Cinque assist nelle ultime sette partite, due anche con la maglia della Spagna. Dal Milan alla Nazionale: Suso continua a convincere. Il fantasista di Cadice sta vivendo un grande periodo di forma e, dopo la difficile parentesi di Liverpool, che appartiene ormai al passato, è diventato a tutti gli effetti un punto di riferimento. A dargli fiducia anche Luis Enrique, che contro il Galles lo ha lanciato per la prima volta da titolare: “È un allenatore molto diretto – ha raccontato il 24enne rossonero a Marca – che sa cosa deve fare e dire. Con lui ci si allena duramente, ma alla fine offre opportunità a tutti. Titolare anche con l’Inghilterra? Spero, fosse per me le giocherei tutte. A Cardiff penso di aver fatto bene e il CT credo sia felice per il livello che abbiamo espresso. Chi mi conosce sa cosa posso e non posso fare, quali sono i miei punti di forza e i miei difetti. Penso che a Cardiff si sia visto quello che posso dare alla mia nazionale”. A settembre non era andata altrettanto bene a Suso, tornato a Milano dalla settimana con la Spagna senza aver giocato neppure un minuto: “È chiaro che avrei voluto giocare. Essere in nazionale è un sogno. La Spagna è una delle migliori selezioni al mondo, per me è un premio enorme”. Poche le differenze nel gioco tra Luis Enrique e Gattuso: “Non cambia tanto, hanno idee abbastanza simili. Anche il Milan vuole avere il possesso, per poi attaccare sugli esterni.

“Ho il DNA della nazionale. Liverpool? Ogni step mi è servito”
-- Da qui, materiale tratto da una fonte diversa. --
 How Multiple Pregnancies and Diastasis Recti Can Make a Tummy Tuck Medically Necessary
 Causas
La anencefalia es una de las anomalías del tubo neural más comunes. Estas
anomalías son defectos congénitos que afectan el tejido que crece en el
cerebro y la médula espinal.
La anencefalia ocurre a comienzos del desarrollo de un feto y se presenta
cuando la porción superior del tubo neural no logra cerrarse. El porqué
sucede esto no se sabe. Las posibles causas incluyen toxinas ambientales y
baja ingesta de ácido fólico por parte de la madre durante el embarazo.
La gara con l’Inghilterra segna per Suso anche un ritorno al passato: “Sono un’avversaria molto forte, sanno per cosa giocano. Hanno giocatori molto giovani che stanno migliorando molto. Ne ho incontrati molti al Liverpool: è una nazionale che sta lavorando molto bene con i giovani”. Sul periodo nei Reds: “Si impara ovunque – ha continuato il rossonero – lì c’è grande cultura di calcio. Quel periodo, nonostante giocassi poco, mi ha aiutato a maturare velocemente”. Sulle sue qualità, poi: “So come giocare a calcio, ogni step della mia carriera mi ha insegnato delle cose. Sono spagnolo nel modo in cui guardo il calcio, nelle cose che faccio. Ho il DNA di questa nazionale. Sono qui da quando ero piccolo e so come funziona qui. Sono cresciuto, migliorato e non mi sono mai perso”.

“In Italia mi diverto e sono cresciuto tatticamente. Gattuso numero uno”
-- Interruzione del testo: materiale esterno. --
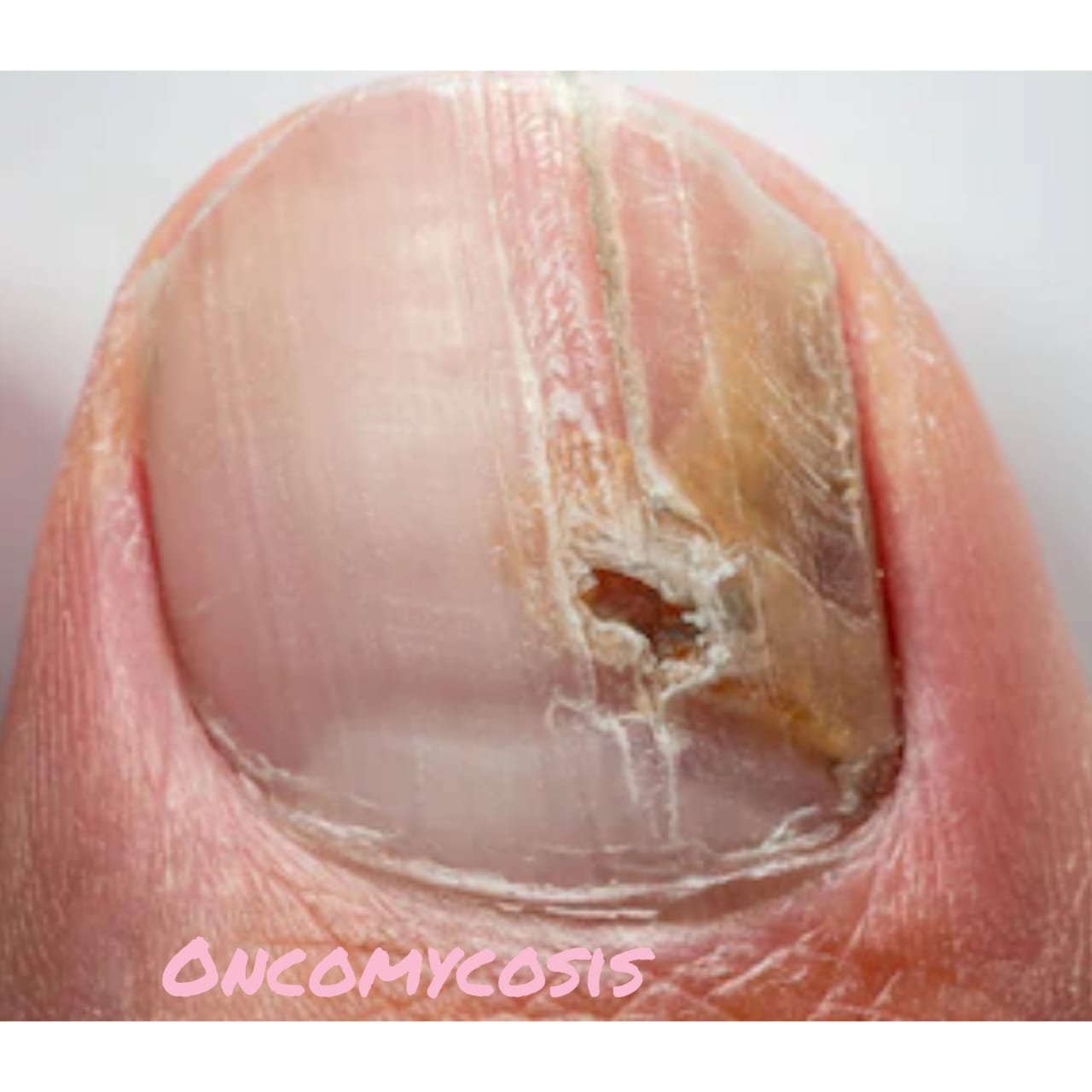 Best medication for nail fungus: Types and benefits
Parlato dell’Italia, poi, lo spagnolo ha ammesso: “Mi diverto sempre a giocare a calcio, anche in Serie A. Il calcio italiano è molto tattico, molto impegnativo per il giocatore offensivo. Per un attaccante è il posto più difficile, perché vedi ogni settimana con difese ben organizzate, con squadre che sanno sempre cosa fare. Potrebbero non essere tecnicamente e fisicamente i migliori, ma tatticamente sì. L’adattamento? Capire queste sfumature tattiche ti fa crescere velocemente”. Su Gattuso: “In allenamento e in partita è come quando giocava: pura passione, intensità. Ma fuori è un altro. Puoi parlargli di tutto. Come persona è il numero uno”, ha concluso.